If you start the training of a young horse with the aim of building trust and rapport, most will strive to please you with responses that exceed your expectations. They also handle new situations with a confidence and interest that you don’t get from a horse that has been rushed or forced. Whether you’re a trainer seeking to put the basics under a horse as quickly as possible to please your client with your speed or a novice following a rote agenda prescribed by someone who’s never even seen your horse, you’re missing out on rewarding opportunities to engage and excite your project. If working with a horse that loves to train doesn’t grab you, you’re also putting early barriers in place for the horse to be the best he can be in the future.

It’s not a matter of losing a few weeks’ time with a slow and easy initial approach, but instead, a method that saves you months or years of time and sometimes a lifetime of frustration for you and/or the horse when you adopt a training approach that incorporates the horse’s particular penchants and responds to his expressed issues. Of course, you can’t get there if you don’t consider the horse as a participant in the process and allow him to give input.

How long is too long with a horse?

If you’re staring a young horse under saddle and he’s done what you first asked then becomes belligerent with subsequent requests, the lesson went on too long. Don’t be tempted to push harder because you’re having a good day (or a bad one and you just want to turn that screw a little further once he’s answered your initial request because you want to establish who’s boss).  Take the win and quit early, knowing you’ll have a willing and responsive horse tomorrow for giving him immediate credit for his efforts.

Foundation work for horses intended to be great performers takes time. A quick early start usually leads to problems later. No horse should be expected to be ready to start career training in a day – or a month. If you’ve spent 60 days with a horse, however, and are getting nowhere, that’s a bad sign. In fact, if you spend a few weeks with a horse and aren’t making any progress, you should probably look for another who may be more adept at reaching the horse. Each horse is different and some come with issues, are slow learners or cannot adapt to your style. Most, though, won’t be able to retain what you’ve taught them with comfort, confidence and the understanding to move on to more refined training demands in much less than a couple of months.  Rush them in the early starting training and you’ll usually pay later.

Make horse training fun

I’ve had a ton of fun lately having the luxury of letting the sport horse farm-bred horses tell me when they’re ready to start training and taking a leisurely approach to lesson frequency and demands. This is rarely an option with client horses, but it’s been a great learning experience to watch how this has played out with the herd. It’s been amazing to see how eager and interested these horses are when training begins when they say they’re ready and are allowed to express how frequently they’d like to train. In fact, all the young stock (along with the older horses in career training) are so eager to train, they express their annoyance with my busy schedule and associated inability to train them all daily. It’s a competition each day at the gate as to who gets the call. The chosen ones are eager to perform and learn and often ask to continue the lesson after its intended end. I’m having a ball working with horses that relish training so much they are determined to progress faster than asked.
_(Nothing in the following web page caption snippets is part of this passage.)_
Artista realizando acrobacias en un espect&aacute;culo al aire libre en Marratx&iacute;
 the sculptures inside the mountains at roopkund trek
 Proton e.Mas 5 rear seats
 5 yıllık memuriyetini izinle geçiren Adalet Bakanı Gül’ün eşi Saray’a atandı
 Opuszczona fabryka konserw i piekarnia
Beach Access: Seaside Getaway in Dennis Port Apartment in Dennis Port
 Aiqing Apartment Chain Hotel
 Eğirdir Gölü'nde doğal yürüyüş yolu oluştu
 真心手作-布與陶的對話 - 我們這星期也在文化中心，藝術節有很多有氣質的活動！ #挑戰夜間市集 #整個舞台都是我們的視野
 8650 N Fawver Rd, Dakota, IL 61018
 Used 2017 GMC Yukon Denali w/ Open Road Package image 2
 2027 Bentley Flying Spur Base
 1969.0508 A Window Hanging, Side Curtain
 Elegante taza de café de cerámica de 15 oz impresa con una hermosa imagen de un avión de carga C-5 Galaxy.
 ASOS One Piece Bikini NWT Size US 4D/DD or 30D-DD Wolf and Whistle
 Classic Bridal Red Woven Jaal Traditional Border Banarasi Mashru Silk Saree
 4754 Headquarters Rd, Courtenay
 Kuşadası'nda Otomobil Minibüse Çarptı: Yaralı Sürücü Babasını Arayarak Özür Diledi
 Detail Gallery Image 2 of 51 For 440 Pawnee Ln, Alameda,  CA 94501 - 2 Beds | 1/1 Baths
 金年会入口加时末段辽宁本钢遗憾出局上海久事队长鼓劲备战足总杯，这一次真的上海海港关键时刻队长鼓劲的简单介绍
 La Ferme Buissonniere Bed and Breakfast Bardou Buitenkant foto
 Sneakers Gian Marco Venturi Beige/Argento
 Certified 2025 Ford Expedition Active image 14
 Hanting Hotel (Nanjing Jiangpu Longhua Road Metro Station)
They seem to appreciate the fact that I’ll skip training plans on a horse if she doesn’t seem eager to come in.

If your horse (or horses) aren’t eager to see you coming and excited about the opportunity to work, you’re probably making the lessons too long, too structured, too demanding, too formula or too about you. Once you start responding to your horse’s requests, you’ll be floored by how eagerly they comply with yours. Try it. And let me know how it goes.

If you have a challenge with a current horse you’re starting under saddle, have questions about young horse issues, ideas to add to help others starting a young horse or want to shout about one of your proud successes, please comment below. Thanks.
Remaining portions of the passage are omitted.